The answer must consist only of the lines in the records below from the line with "Paris - French Hand Carved Plaster Casts" to the line with "Hartana - Rose", both included, copied word for word with every picture left out.

**Supplied records:**

──────

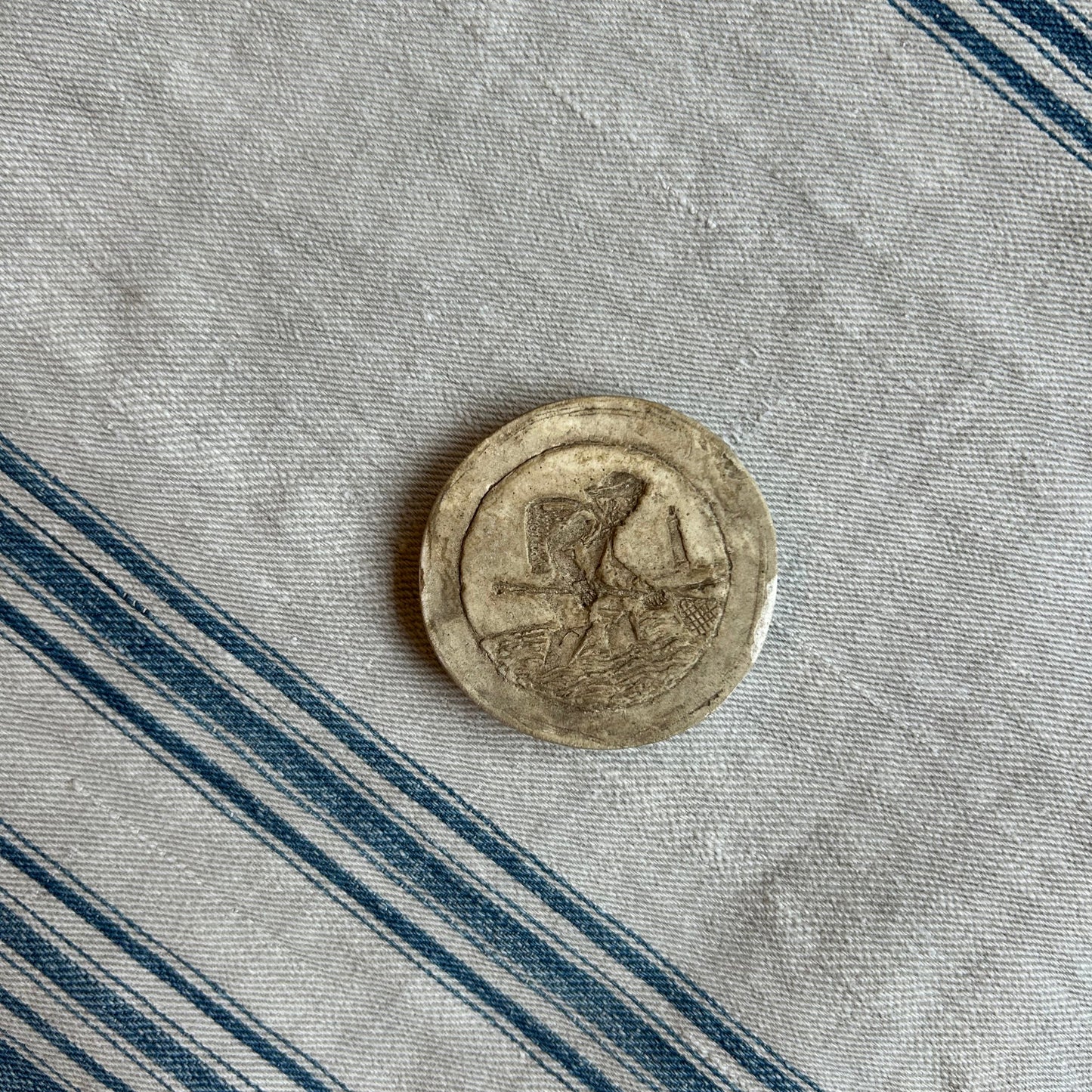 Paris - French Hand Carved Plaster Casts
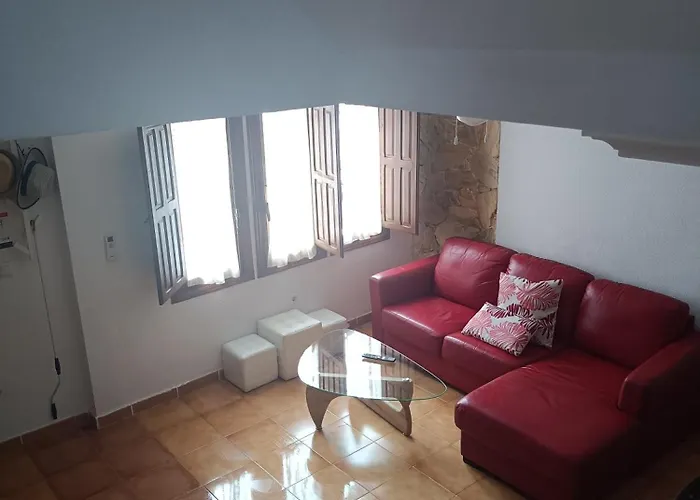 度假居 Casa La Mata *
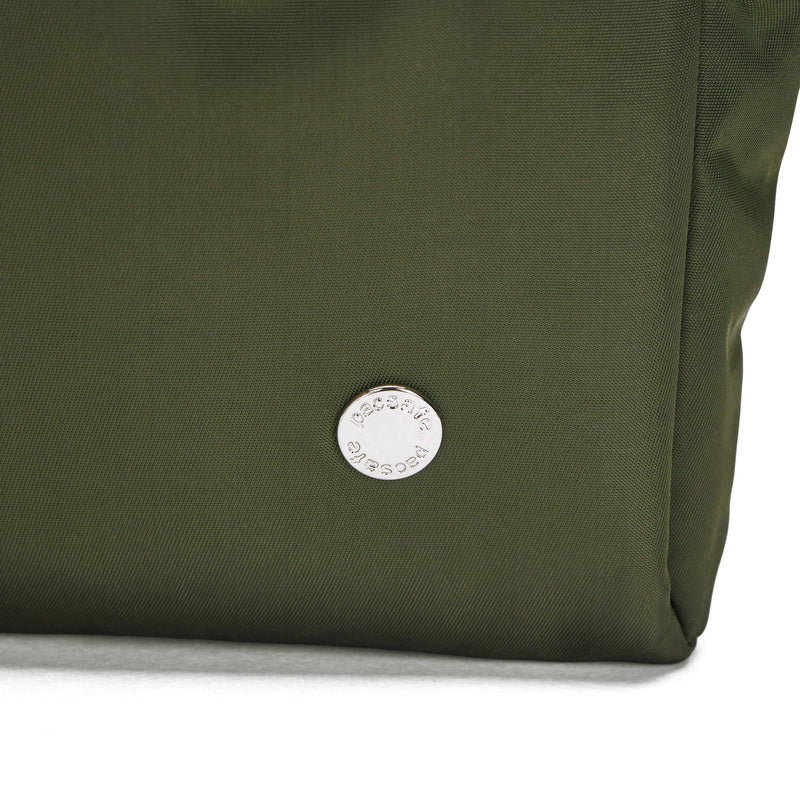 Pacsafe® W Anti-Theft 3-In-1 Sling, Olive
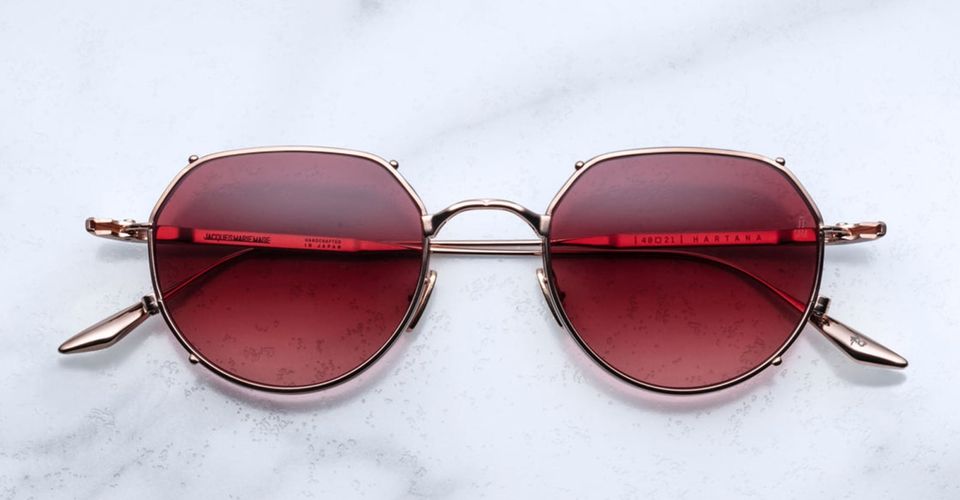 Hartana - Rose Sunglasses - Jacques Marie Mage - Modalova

──────

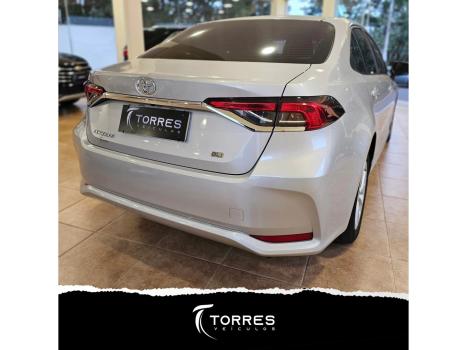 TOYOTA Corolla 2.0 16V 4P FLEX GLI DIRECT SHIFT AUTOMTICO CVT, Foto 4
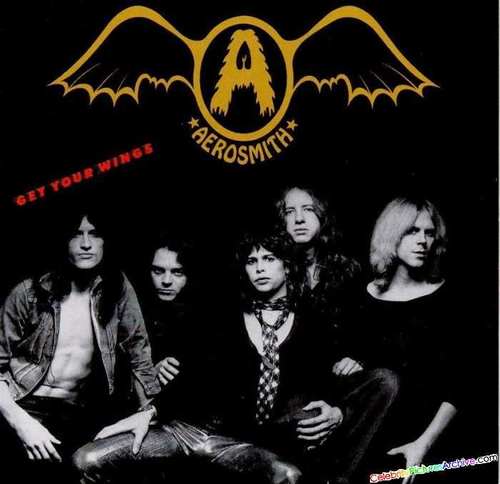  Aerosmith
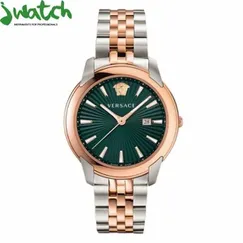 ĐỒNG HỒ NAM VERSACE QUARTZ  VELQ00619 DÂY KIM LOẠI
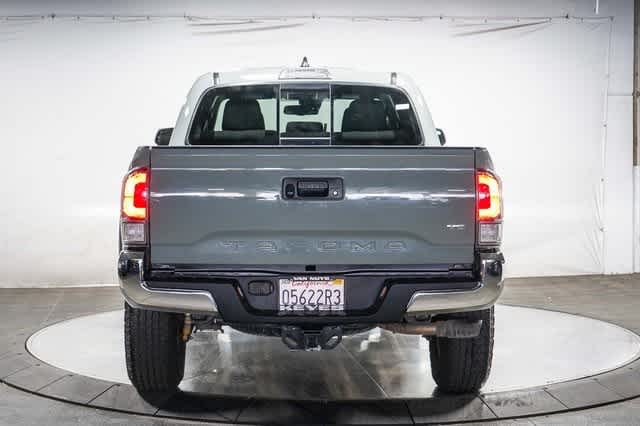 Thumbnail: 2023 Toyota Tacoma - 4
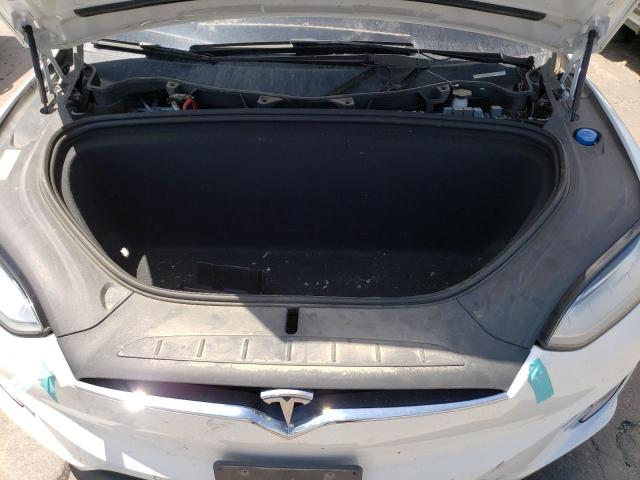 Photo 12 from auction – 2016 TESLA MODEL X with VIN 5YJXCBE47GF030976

──────

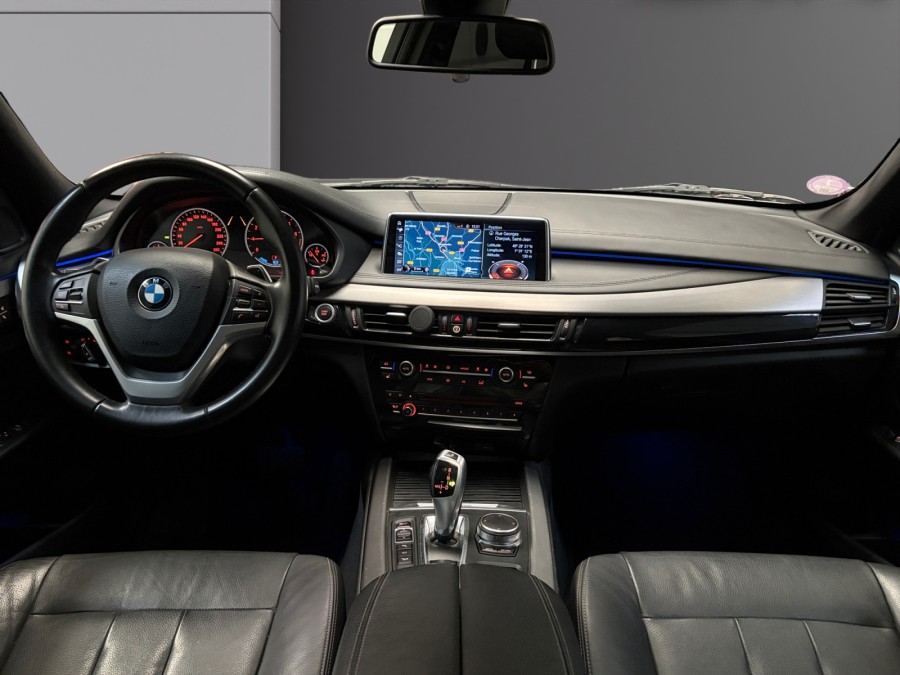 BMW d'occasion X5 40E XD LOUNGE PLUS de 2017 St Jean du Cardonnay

──────

**Expected answer:**
 Paris - French Hand Carved Plaster Casts
 度假居 Casa La Mata *
 Pacsafe® W Anti-Theft 3-In-1 Sling, Olive
 Hartana - Rose Sunglasses - Jacques Marie Mage - Modalova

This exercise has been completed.